How We Built a Sub-Millisecond Crypto Feed in C++
Source: Dev.to
[](https://dev.to/hpc_group_b579dc28b930e08)
Most crypto market data APIs give you top‑of‑book prices with 100 ms+ latency. We wanted full L2 order books from 21 exchanges, all normalized into a single WebSocket stream, at sub‑millisecond speed. So we built it.
This post covers the core engineering decisions behind **[Microverse Systems](https://microversesystems.com/)** — a free, real‑time order‑book API that aggregates depth‑of‑market data across major crypto exchanges.
---
## The Problem
If you're building a trading bot, an arbitrage scanner, or even a simple price dashboard, you hit the same wall: every exchange has its own WebSocket protocol, its own message format, its own rate limits.
* **Binance** sends JSON.
* **Bybit** sends JSON but structures it differently.
* Some exchanges batch updates; others stream individual changes.
Normalizing all of this in Python or Node means you spend more time parsing messages than actually using the data.
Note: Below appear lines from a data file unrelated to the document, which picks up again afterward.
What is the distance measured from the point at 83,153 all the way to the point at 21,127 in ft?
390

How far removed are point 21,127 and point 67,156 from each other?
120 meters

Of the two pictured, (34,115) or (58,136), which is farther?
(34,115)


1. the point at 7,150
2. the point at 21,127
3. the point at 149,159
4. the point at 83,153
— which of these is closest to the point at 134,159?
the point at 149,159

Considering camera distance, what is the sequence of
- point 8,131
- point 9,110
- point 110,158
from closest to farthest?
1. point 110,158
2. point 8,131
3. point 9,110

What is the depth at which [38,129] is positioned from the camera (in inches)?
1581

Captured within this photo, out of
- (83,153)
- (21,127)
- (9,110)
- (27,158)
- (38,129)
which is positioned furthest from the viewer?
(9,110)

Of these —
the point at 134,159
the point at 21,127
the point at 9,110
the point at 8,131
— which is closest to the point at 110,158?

And if latency matters to your strategy, the language overhead alone puts you at a disadvantage.
---
## Why C++
We chose C++ for the core feed handler—not because we enjoy debugging segfaults, but because it was the only way to hit our latency targets:
- **Zero‑copy message parsing** – Incoming WebSocket frames are parsed in‑place using pointer arithmetic rather than deserializing into intermediate objects. This avoids heap allocations on the hot path.
- **Lock‑free order‑book structures** – Each exchange’s order book is maintained in a lock‑free data structure that allows readers (subscriber threads) to access snapshots without blocking the writer (the feed‑handler thread).
- **Kernel‑bypass networking** – On our production boxes we use DPDK to bypass the kernel’s TCP/IP stack entirely. This shaves off ~15 µs per packet compared to standard socket reads.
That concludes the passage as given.